[Source records — start]
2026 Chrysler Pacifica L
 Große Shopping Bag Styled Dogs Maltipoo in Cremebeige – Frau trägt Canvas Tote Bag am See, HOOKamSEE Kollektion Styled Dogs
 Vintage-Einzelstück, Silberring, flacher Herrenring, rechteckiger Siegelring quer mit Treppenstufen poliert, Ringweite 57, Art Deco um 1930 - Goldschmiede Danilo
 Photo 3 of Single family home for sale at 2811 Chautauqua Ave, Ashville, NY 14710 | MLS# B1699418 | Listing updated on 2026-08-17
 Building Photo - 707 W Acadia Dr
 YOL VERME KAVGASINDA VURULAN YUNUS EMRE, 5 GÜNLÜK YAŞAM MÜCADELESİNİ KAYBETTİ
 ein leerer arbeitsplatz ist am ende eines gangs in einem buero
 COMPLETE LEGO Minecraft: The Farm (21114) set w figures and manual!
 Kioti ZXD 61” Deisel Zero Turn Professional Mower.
[Source records — finish]
▶ [Assignment]: Say how many lines in the data above contain the string "Photo", and give no other output.

▶ [Answer box]: 2